Compounded increases

Columnist Jim Fossel expressed concern in his May 20 column that General Fund spending increased by 35.9 percent from 2000 to 2014. The question is: How much of that increase is simply annual and compounded cost-of-living increases?

The same is true with regard to school budgets and municipal expenses. Over the past seven years, the school budget has increased on average by 0.8 percent. That is less than cost-of-living increases.

Let’s put things in perspective. The $1.25 minimum wage I received in the early 1960s while I attended college, which actually had more spending power than today’s minimum wage, provided me with the approximate $2,000 annual cost of tuition, fees and books, as well as purchase of a 1962 Volkswagen Beetle for about $1,500, all the gasoline I needed at a pump price of 14 to 18 cents a gallon in Kansas City and plenty of clothing and entertainment.

Prices are relative based on cost-of-living increases. The state, municipalities and school districts deserve the money they need to provide the services to the public. The alternative is more crumbling roads and poorly educated students.

Alfred Banfield

Bangor

Two-party state

Politically, Maine is no longer a two-party state. It hasn’t been a one-party state since the 1950s. Yet, when Maine voters go to the polls, they are treated as if Maine’s electorate serves only two parties. How should Maine move to 21st century voting? The way forward: ranked choice voting.

How does ranked choice voting work? Instead of selecting a favorite among a field of candidates, individual Maine voters rank their choices from the most favored (first choice) to the least desired (last choice).

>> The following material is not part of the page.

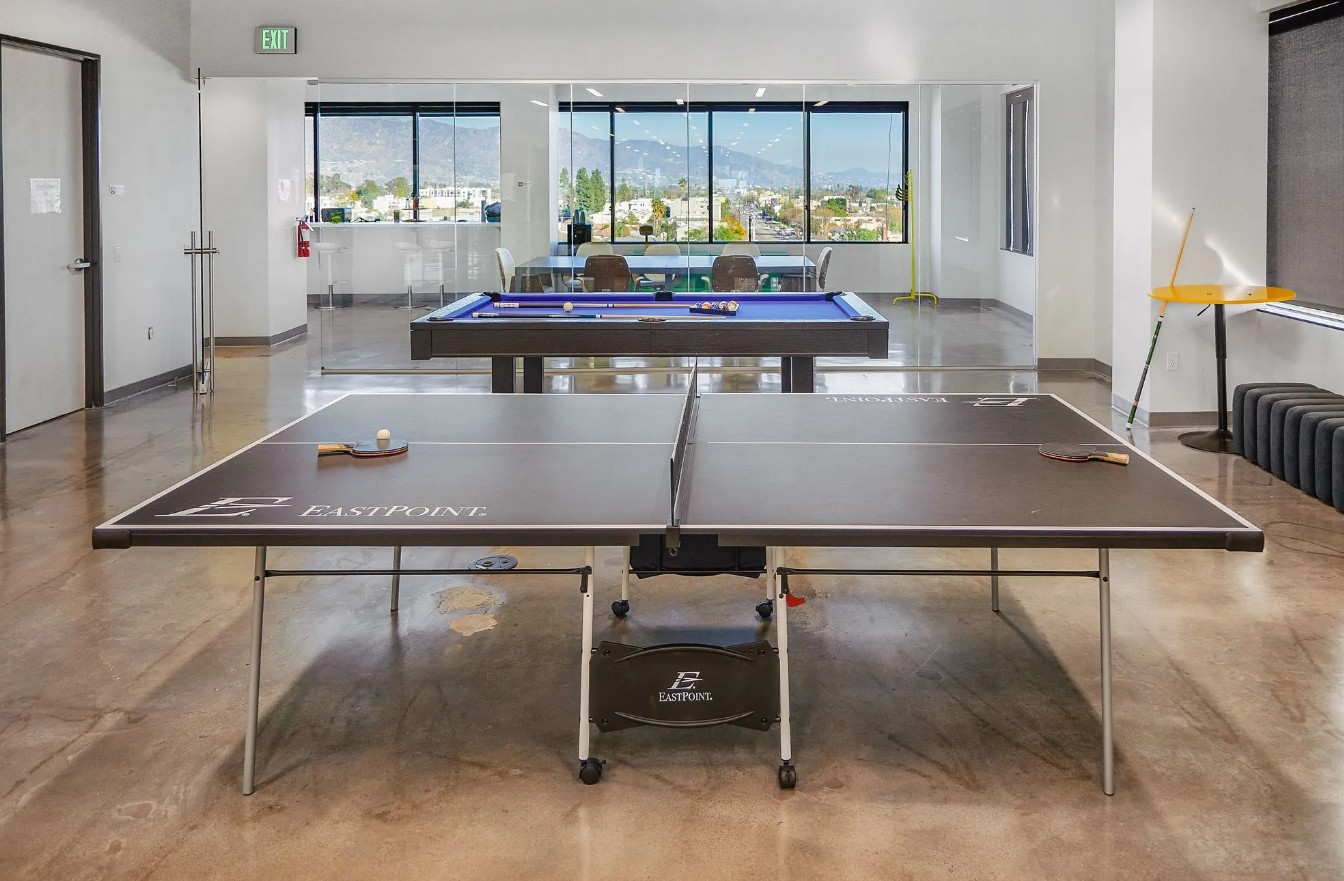 Recreation room with ping pong and pool tables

What are the advantages of ranked choice voting? Among these include:

— All candidates, regardless of party affiliation, are put on the same footing; no need for voters to cast “strategic” ballots, instead of their preferred choices.

— The top two vote-getters square off against each other, should neither achieve a popular majority for the support of the electorate, without the expense and time-consuming hassle of a separate run-off election.

Every candidate should be evaluated by the voters strictly based upon his or her own worth.

Best of all, Maine governance moves forward with majority-voted winners, instead of plurality-voted office holders.

Is the Maine voter ready for 21st century election politics? Does the Maine voter really want to continue with the current system?

John Manter

Stueben

Life and legislation

Life and the dying process are about to change in Maine with the introduction of legislation currently under consideration in Augusta. Maine could enter a more civilized era by offering terminally ill patients the right to ask like-minded physicians for a lethal dose of a medication that will spare them the agony of a slow, painful death.

These days, life more frequently ends in a hospital or nursing home facility. Most people I know would prefer to live their last hours in the warm embrace of loved ones rather than in a cold, sterile, sometimes even hostile environment. In a recent book, “Being Mortal,” written by respected surgeon Atul Gawande, life in a typical nursing home is nothing more than a slow, sad, expensive and predictable decline for terminally ill patients. Of course, this same dramatic decline is not reserved only for the aging population. Machines in an intensive care unit can transform a once vibrant person into a virtual robotic human being; it can happen to anyone, young or old.

LD 1270 will offer patients and their doctors a compassionate exit strategy that is long overdue in Maine. The act will give patients the ability to direct their own dying process and I encourage anyone who is interested in influencing the passage of this legislation to contact their representatives now as the act passes through the legislative process.